US 12,456,461 B2
	Electronic apparatus for processing user utterance and controlling method thereof
Sangmin Park, Suwon-si (KR); and Jaeyung Yeo, Suwon-si (KR)
Assigned to Samsung Electronics Co., Ltd., Suwon-si (KR)
Filed by Samsung Electronics Co., Ltd., Suwon-si (KR)
Filed on Jul. 20, 2022, as Appl. No. 17/869,411.
Application 17/869,411 is a continuation of application No. PCT/KR2021/015453, filed on Oct. 29, 2021.
Claims priority of application No. 10-2020-0142314 (KR), filed on Oct. 29, 2020.
Prior Publication US 2022/0358925 A1, Nov. 10, 2022
Int. Cl. G10L 15/22 (2006.01); G06F 3/16 (2006.01); G10L 15/30 (2013.01)

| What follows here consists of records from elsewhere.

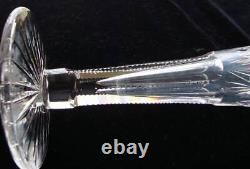 Antique ABP Cut Glass 12 1/4 Trumpet Vase American Brilliant Hand MINT COND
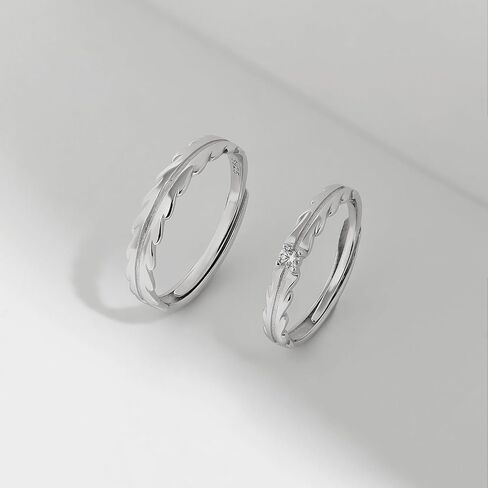 Meissa Sterling Silver 2 Pcs Matching Rings for Couples Fashion Couple Rings Set Wide Wedding Bands for Men and Women Promise Rings Travel Engagement Rings Non Tarnish, Set of Two Rings in Saudi Arabia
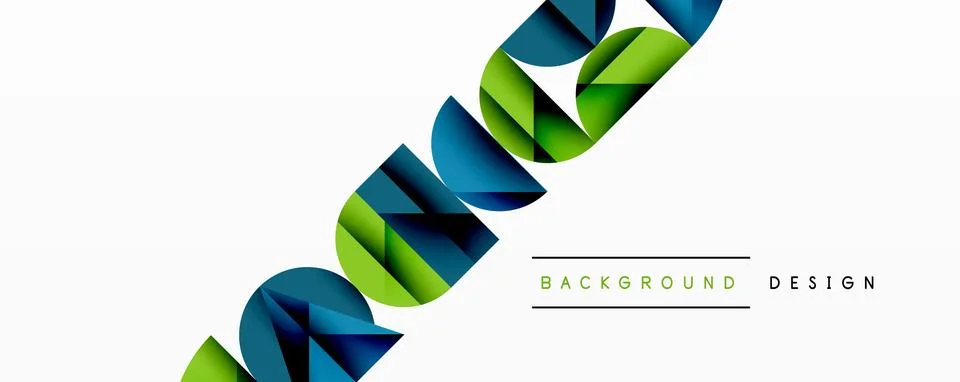 Abstract geometric pattern with intersecting circles and triangles in gradients. Illustrazione stock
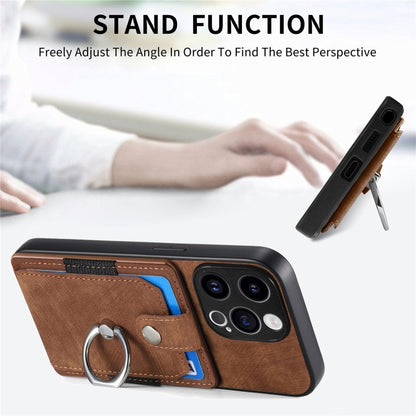 For iPhone 15 Pro Max Retro Skin-feel Ring Card Wallet Phone Case(Brown) - iPhone 15 Pro Max Cases by buy2fix | Online Shopping UK | buy2fix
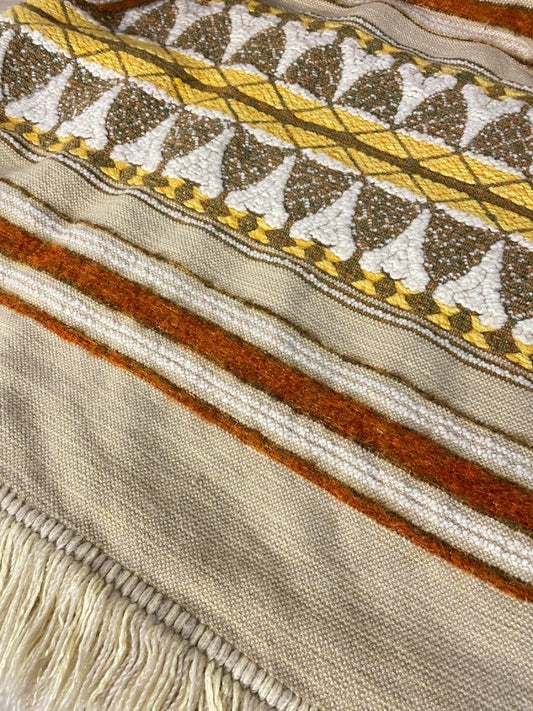 vintage wool + cotton woven throw / table cover - good market thrift store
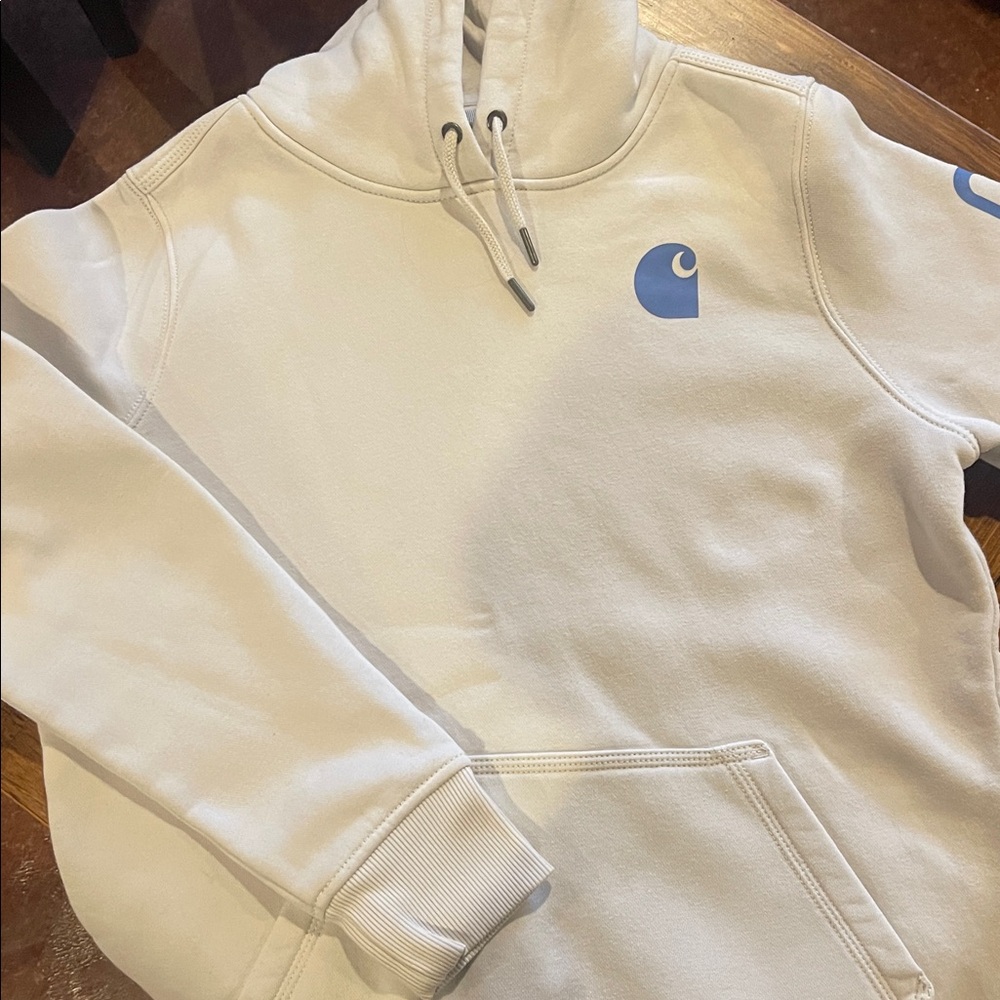 Carhartt Women's Hoodie Cream with Blue Logo - Picture 3 of 5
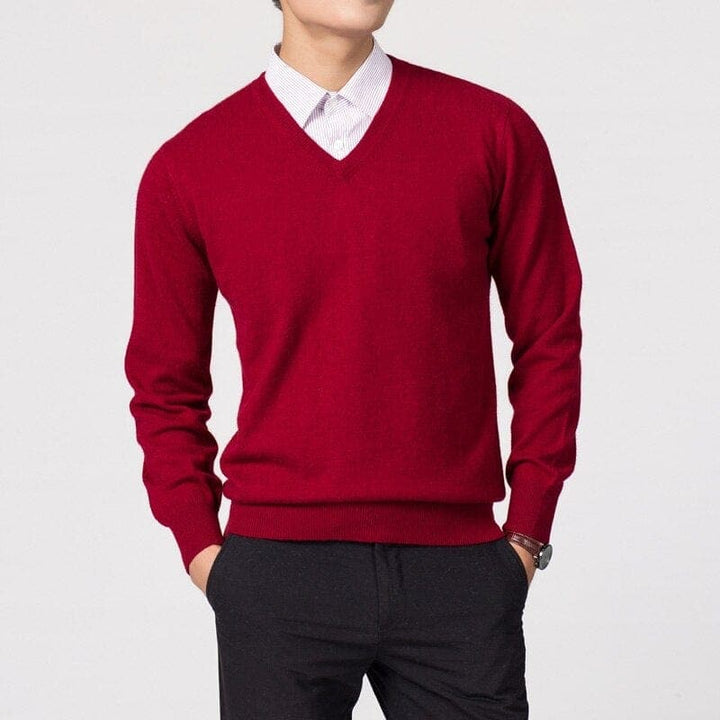 Men's Jumper for Elegant Autumn Layering in Red
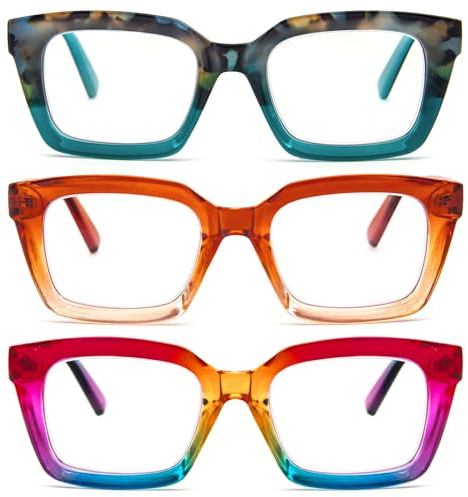 MMOWW 3-Pack Oversized Reading Glasses for Women - Anti Blue Light Glasses with Square Frame (Hawksbill blue+Orange+Rainbow, +2.0)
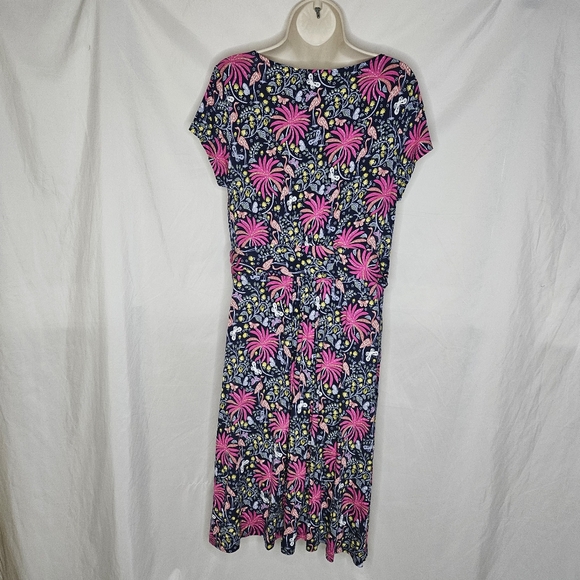 New Boden Amelie Jersey Dress Navy Tropical Charm Floral Bird Butterfly Size 10R - Picture 7 of 15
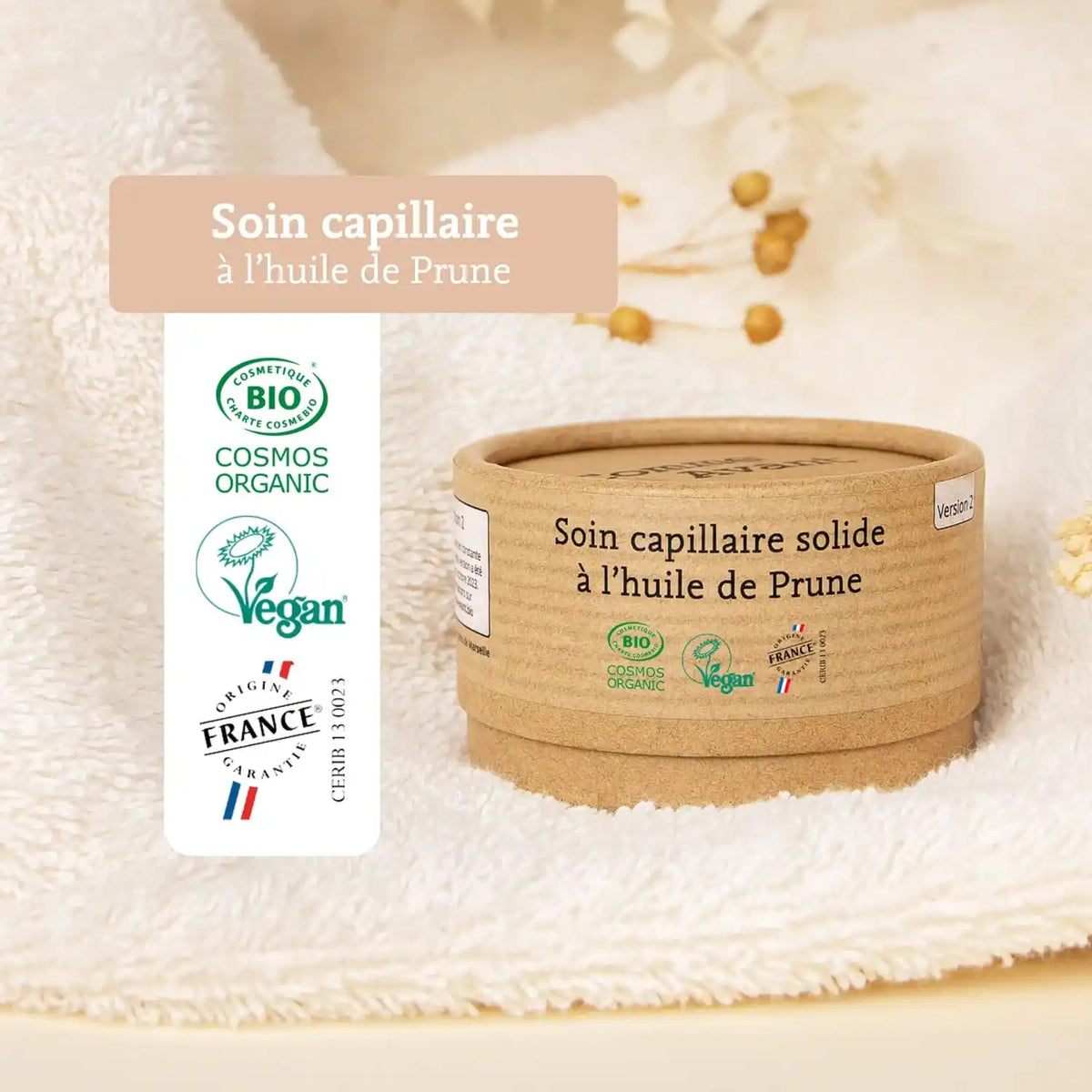 Les labels du soin capillaire solide à l’huile de Prune de la marque Comme Avant
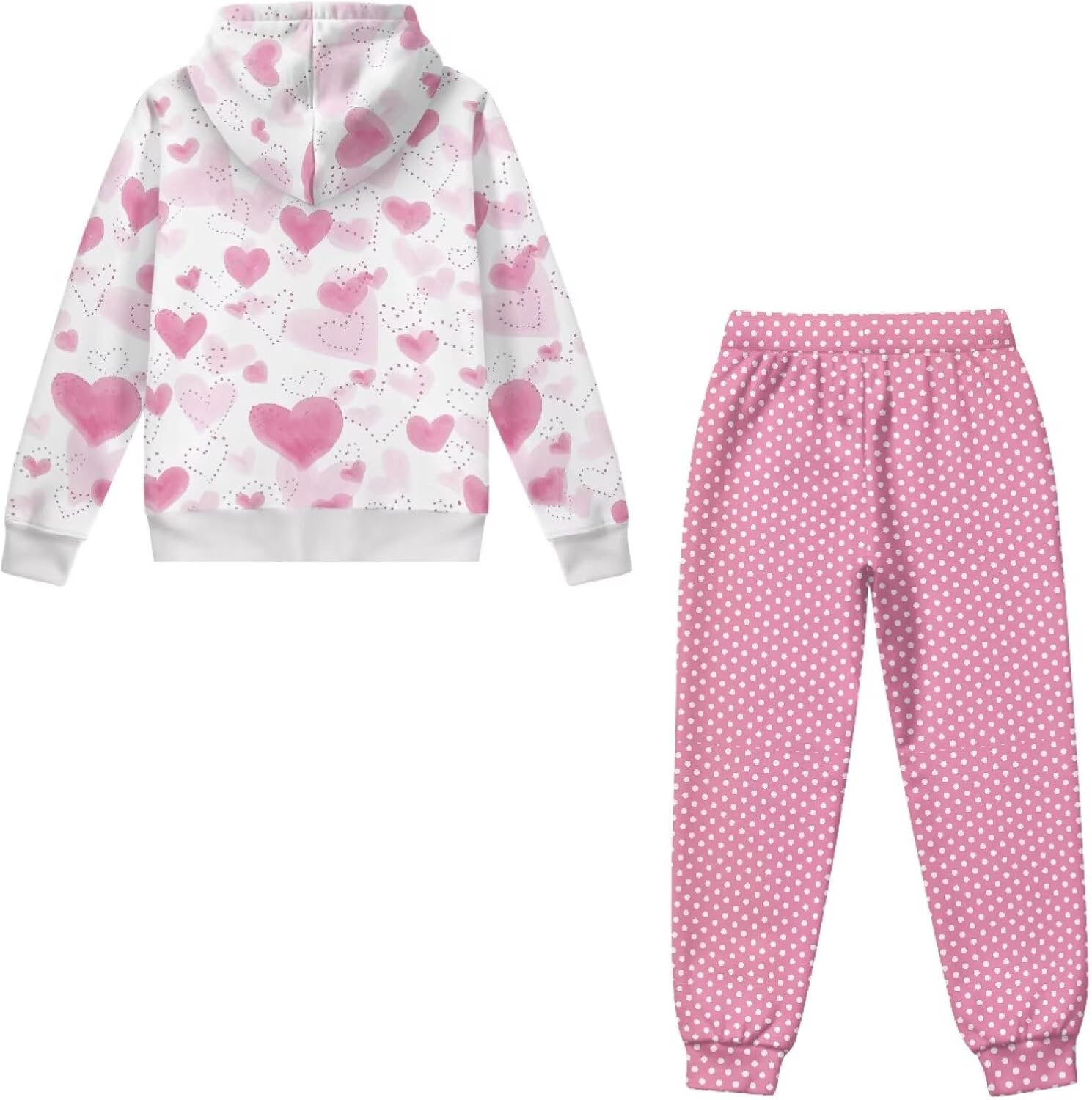 2 Piece Girls Track Suit Long Sleeve Sweat Suit Zip Up Hoodie Sweatshirts and Sweatpants with Pockets Jogger Set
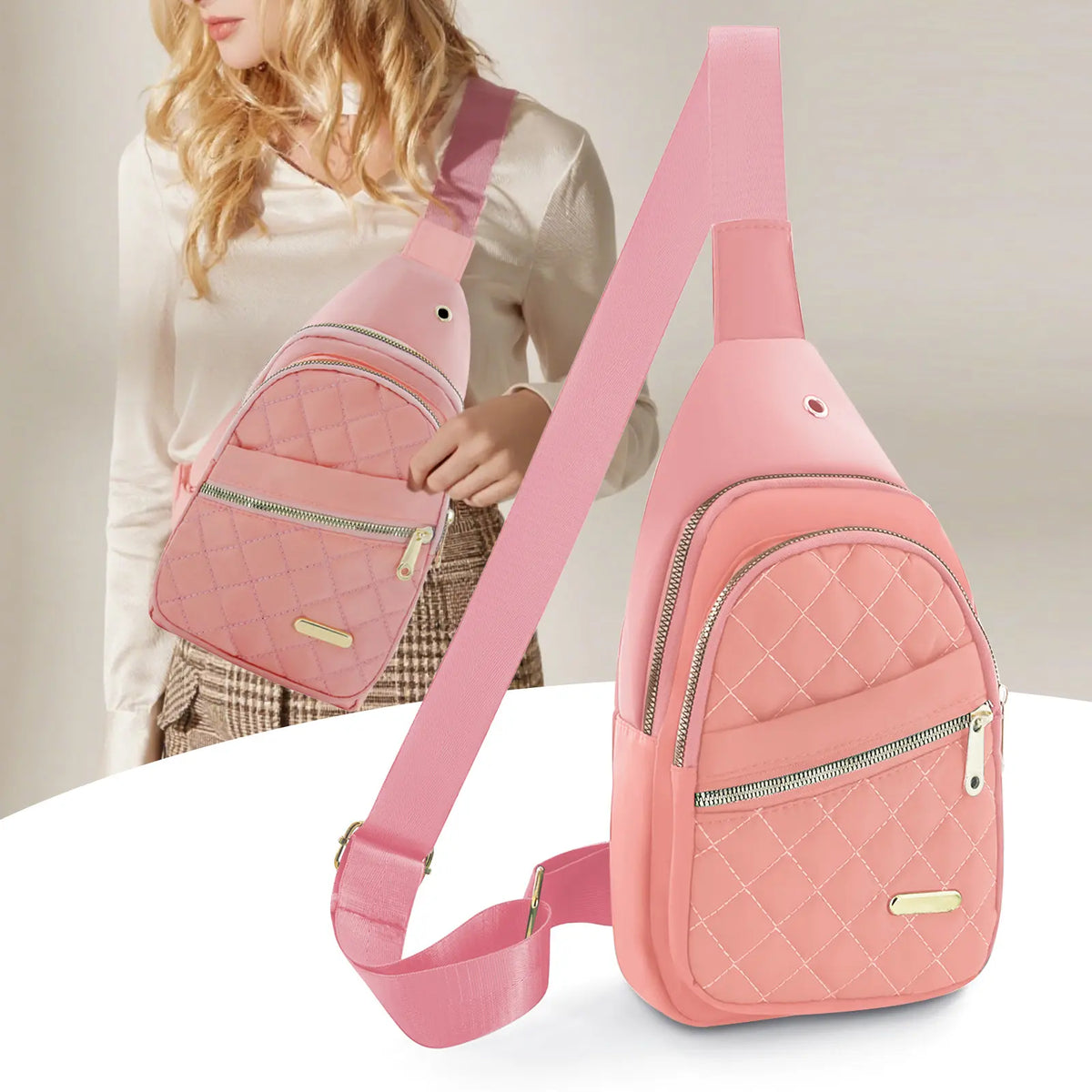 Women's Solid Color Quilted Waterproof Belt Bag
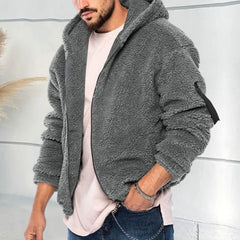 Plush Men Jacket Fluffy Fleece Thick Warm Coat Jacket Long Sleeve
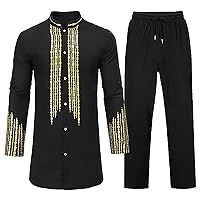 Men's Linen Muslim Clothes Mid-Length Kaftan Robe and Elastic Waist Casual Pants Set Luxury Dubai Ethnic Summer Outfit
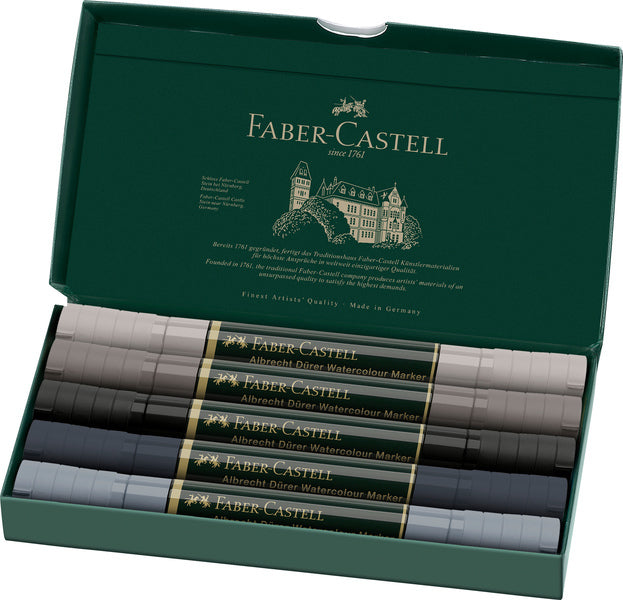 Faber castell fc-160306 wk25watercolor marker fc albrechtdürer 5 pieces gray tones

CPC G10L 15/22 (2013.01) [G06F 3/167 (2013.01); G10L 15/30 (2013.01); G10L 2015/223 (2013.01); G10L 2015/228 (2013.01)]

20 Claims

1. An electronic device comprising:

a microphone;

memory storing instructions, a plurality of domain sets and a capsule database including a plurality of capsules corresponding to the plurality of domain sets, the plurality of capsules including relationships between a plurality of concepts and actions corresponding to the plurality of domain sets; and

at least one processor, comprising processing circuitry, electrically connected to the microphone and the memory,

wherein the instructions, when executed by the at least one processor individually or collectively, cause the electronic device to:

acquire a voice signal using the microphone;

acquire context information associated with at least one of the electronic device or a user;

determine whether domain sets are identified from among the plurality of domain sets stored in the memory based on the context information;

when a single domain set is identified among the plurality of domain sets based on the context information, determine a first domain set as the identified single domain set;

when more than one domain set are identified among the plurality of domain sets based on the context information, select the first domain set among the identified more than one domain set based on an utterance of the user in the voice signal;

when no domain sets are identified among the plurality of domain sets based on the context information:

transmit, to a server, the context information and the voice signal,

receive, from the server, the first domain set corresponding to the context information and the voice signal;

generate a plan including a plurality of operations for processing a task corresponding to the voice signal based on the determined first domain set and capsules corresponding to the determined first domain set; and

perform the plurality of operations corresponding to the voice signal.